**** Data listing
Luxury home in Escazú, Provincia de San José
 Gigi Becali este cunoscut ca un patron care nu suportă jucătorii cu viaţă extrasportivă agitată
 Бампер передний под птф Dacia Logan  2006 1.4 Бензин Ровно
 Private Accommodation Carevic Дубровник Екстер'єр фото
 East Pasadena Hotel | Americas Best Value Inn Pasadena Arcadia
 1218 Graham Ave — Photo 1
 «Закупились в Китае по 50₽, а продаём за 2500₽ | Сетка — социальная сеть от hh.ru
********
• [Task goal]
Extract all of the data above without altering anything.

• [Answer]
Luxury home in Escazú, Provincia de San José
 Gigi Becali este cunoscut ca un patron care nu suportă jucătorii cu viaţă extrasportivă agitată
 Бампер передний под птф Dacia Logan  2006 1.4 Бензин Ровно
 Private Accommodation Carevic Дубровник Екстер'єр фото
 East Pasadena Hotel | Americas Best Value Inn Pasadena Arcadia
 1218 Graham Ave — Photo 1
 «Закупились в Китае по 50₽, а продаём за 2500₽ | Сетка — социальная сеть от hh.ru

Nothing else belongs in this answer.